## TASK DIRECTIONS
The lines below, from the one holding "Current methods in" through the one holding "Certain problems related", are to be restated word for word, with all images left out.

## Records from a dataset
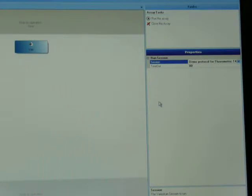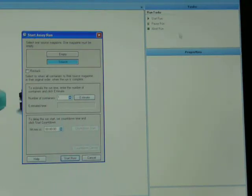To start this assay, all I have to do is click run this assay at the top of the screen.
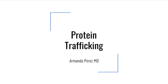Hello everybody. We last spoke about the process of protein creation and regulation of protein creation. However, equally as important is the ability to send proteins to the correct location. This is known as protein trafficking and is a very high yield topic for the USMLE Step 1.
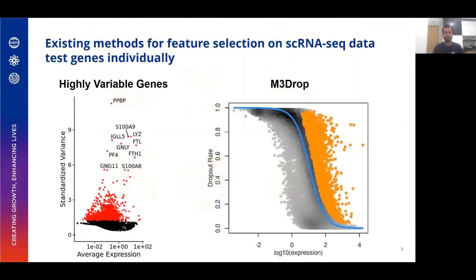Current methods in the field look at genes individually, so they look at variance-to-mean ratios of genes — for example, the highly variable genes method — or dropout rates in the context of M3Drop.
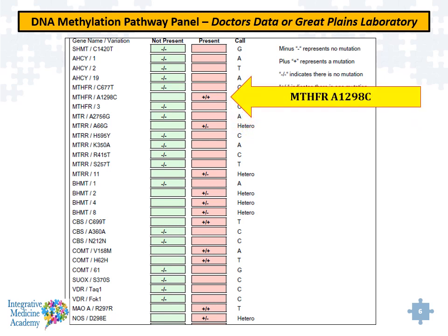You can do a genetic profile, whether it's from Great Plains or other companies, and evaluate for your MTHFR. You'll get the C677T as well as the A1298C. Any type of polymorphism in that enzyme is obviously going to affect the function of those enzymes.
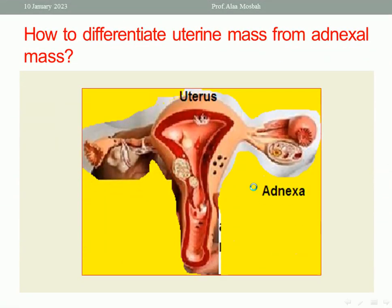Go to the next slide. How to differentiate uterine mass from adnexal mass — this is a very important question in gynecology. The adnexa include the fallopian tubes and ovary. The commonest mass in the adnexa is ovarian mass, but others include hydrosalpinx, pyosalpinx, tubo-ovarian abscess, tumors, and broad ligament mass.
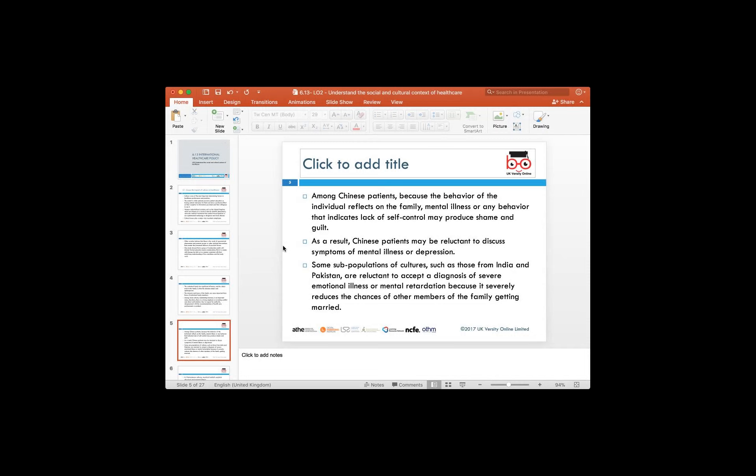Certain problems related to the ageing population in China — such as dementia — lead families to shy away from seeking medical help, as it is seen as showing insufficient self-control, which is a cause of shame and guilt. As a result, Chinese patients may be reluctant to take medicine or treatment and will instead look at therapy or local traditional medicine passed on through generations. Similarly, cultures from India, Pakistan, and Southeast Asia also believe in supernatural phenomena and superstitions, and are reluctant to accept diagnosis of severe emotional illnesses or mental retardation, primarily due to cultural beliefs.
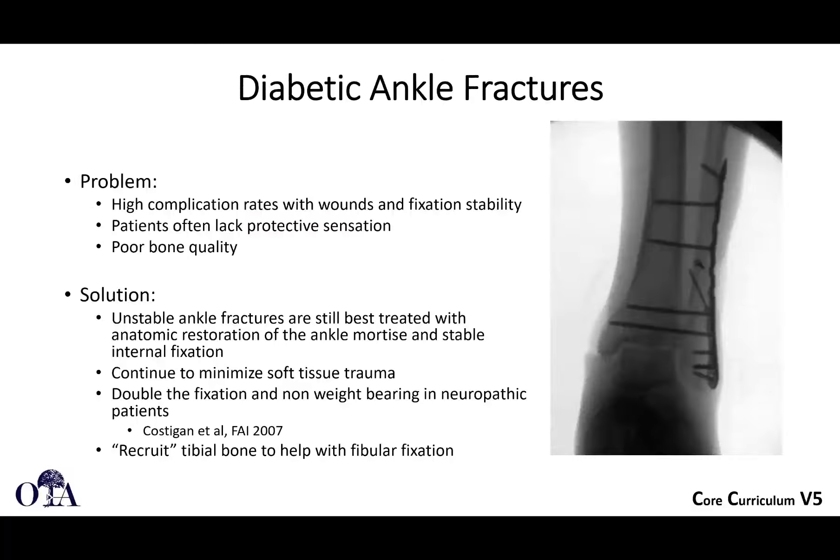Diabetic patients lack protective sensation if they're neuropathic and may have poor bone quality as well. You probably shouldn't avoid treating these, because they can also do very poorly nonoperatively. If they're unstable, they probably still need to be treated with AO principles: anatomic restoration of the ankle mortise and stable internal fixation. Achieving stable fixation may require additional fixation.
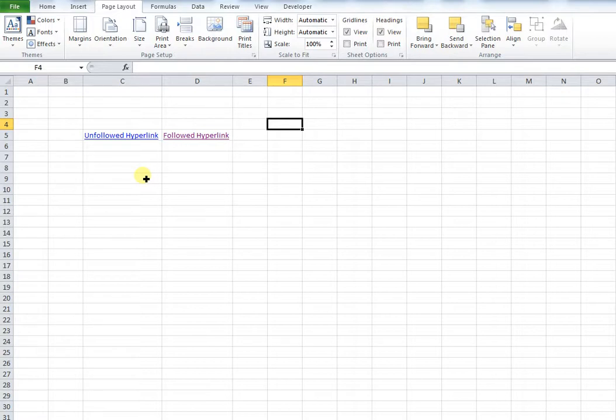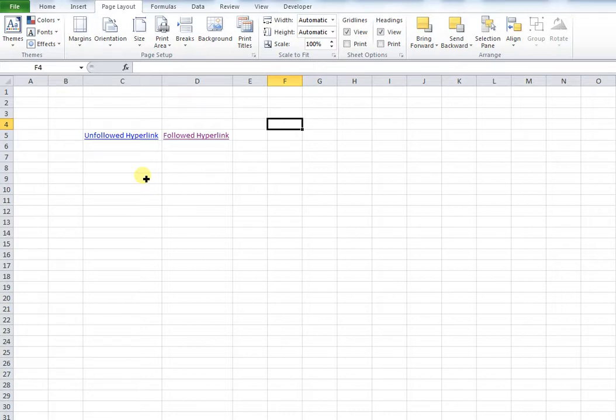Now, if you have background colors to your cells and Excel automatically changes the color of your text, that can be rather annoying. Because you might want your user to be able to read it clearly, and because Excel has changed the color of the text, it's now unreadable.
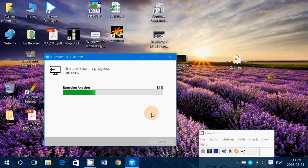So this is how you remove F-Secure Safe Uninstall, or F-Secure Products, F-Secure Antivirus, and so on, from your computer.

## OUTPUT BELOW
Current methods in the field look at genes individually, so they look at variance-to-mean ratios of genes — for example, the highly variable genes method — or dropout rates in the context of M3Drop.
You can do a genetic profile, whether it's from Great Plains or other companies, and evaluate for your MTHFR. You'll get the C677T as well as the A1298C. Any type of polymorphism in that enzyme is obviously going to affect the function of those enzymes.
Go to the next slide. How to differentiate uterine mass from adnexal mass — this is a very important question in gynecology. The adnexa include the fallopian tubes and ovary. The commonest mass in the adnexa is ovarian mass, but others include hydrosalpinx, pyosalpinx, tubo-ovarian abscess, tumors, and broad ligament mass.
Certain problems related to the ageing population in China — such as dementia — lead families to shy away from seeking medical help, as it is seen as showing insufficient self-control, which is a cause of shame and guilt. As a result, Chinese patients may be reluctant to take medicine or treatment and will instead look at therapy or local traditional medicine passed on through generations. Similarly, cultures from India, Pakistan, and Southeast Asia also believe in supernatural phenomena and superstitions, and are reluctant to accept diagnosis of severe emotional illnesses or mental retardation, primarily due to cultural beliefs.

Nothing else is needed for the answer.